What is the priority nursing action when caring for a patient who has just undergone emergent thoracotomy and repair for penetrating cardiac injury?
A. Immediate extubation in ICU
B. Continuous invasive hemodynamic monitoring, adequate analgesia, carefully titrated fluids and inotropes as needed, and frequent neuro/hemorrhage checks
C. Start aggressive diuresis to reduce cardiac preload
D. No monitoring beyond routine vitals every 8 hours
Answer: B.
Explanation: Postoperative care after thoracotomy/cardiac repair requires high-acuity monitoring: arterial line, central venous pressure or other hemodynamic support, titrated fluids and inotropes, analgesia, ventilation support, and surveillance for bleeding, tamponade recurrence, arrhythmias and organ perfusion. Extubation depends on stability; diuresis can be harmful if patient is hypovolemic. Frequent assessments are critical.
A trauma patient is in septic shock secondary to post-traumatic pneumonia.

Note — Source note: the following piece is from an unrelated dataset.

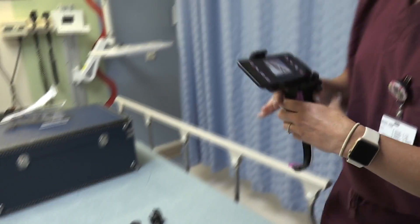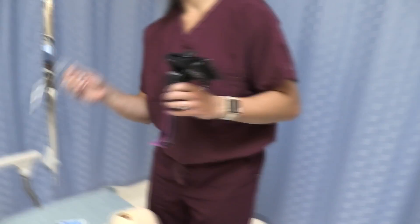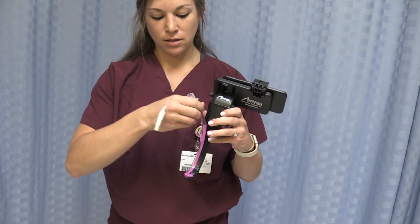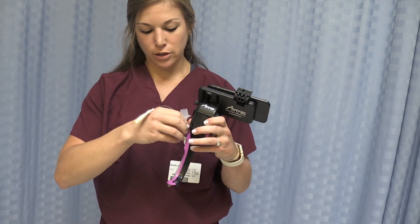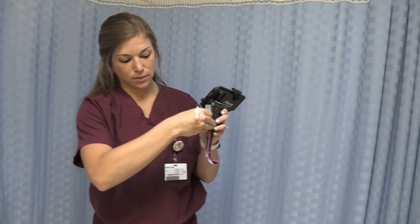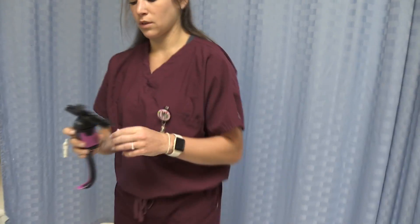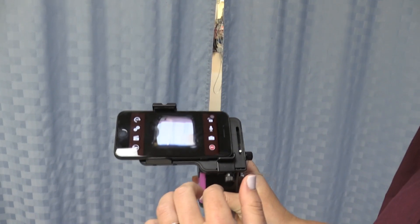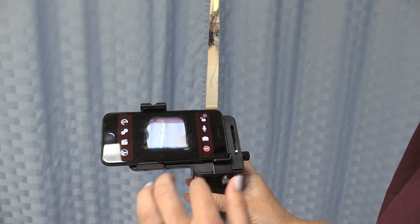Now let's see you do an intubation. I have a lubricated endotracheal tube — you're going to place it through the track just to where the endotracheal tube is at the tip of the AirTrack SP. We can see it on the camera screen when I focus.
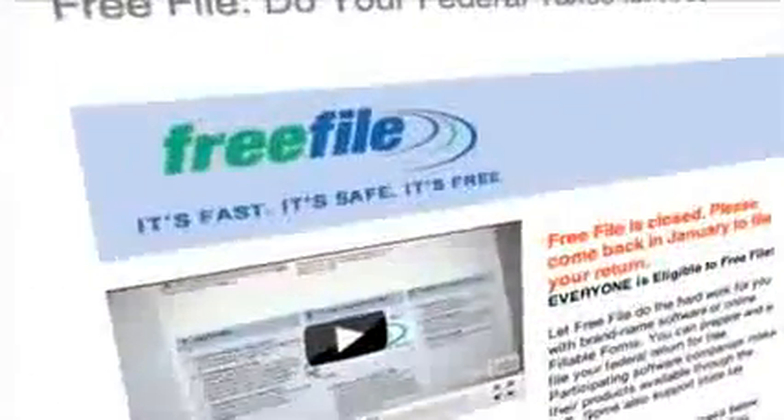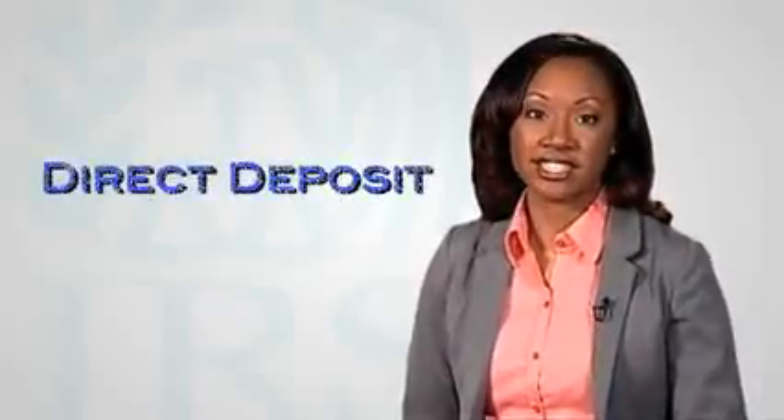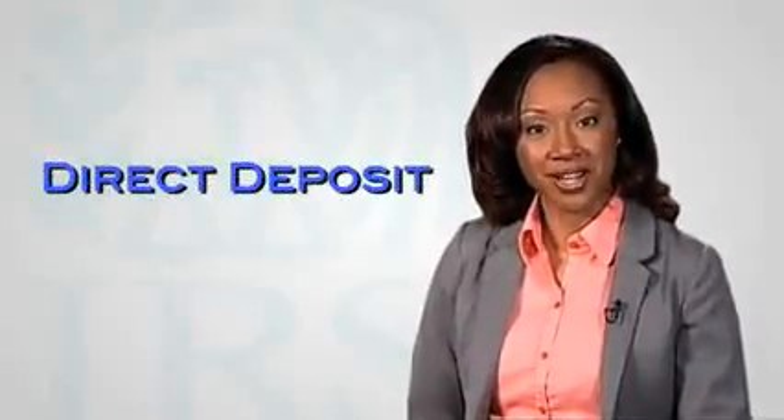It's fast, it's safe, and best of all, it's free. And if you're due a refund, be sure to select Direct Deposit to get your refund quicker.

Which initial bundle elements are time-sensitive and highest priority?
A. Early broad-spectrum antibiotics, obtain cultures, and aggressive source control plus fluid resuscitation and vasopressors to maintain MAP ≥65 mmHg
B. Delay antibiotics until cultures return
C. Start steroids only
D. Use anticoagulation only
Answer: A.
Explanation: In sepsis/septic shock, early administration of broad-spectrum antibiotics after appropriate cultures, prompt source control, fluid resuscitation, and vasopressor support to maintain MAP ≥65 mmHg are critical and time-sensitive — delays increase mortality. Steroids are adjunctive in refractory shock; anticoagulation addresses VTE risk but is not first-line for sepsis.
Ethical triage: In a mass casualty incident, which principle guides immediate decision making for triage in the ED?
A. Treat sicker patients first regardless of survivability
B. Maximize lives saved — prioritize patients with greatest chance of survival given limited resources (utilitarian approach), using standardized triage (START/JumpSTART)
C. First-come, first-served only
D. Treat pediatric patients last
Answer: B.
Explanation: In mass casualty events, triage aims to maximize overall survival: allocate scarce resources to those most likely to benefit using standardized triage systems (e.g., START for adults, JumpSTART for children). This utilitarian approach differs from usual one-on-one care. First-come/first-served is inefficient; triage protocols help rapid categorization and resource allocation.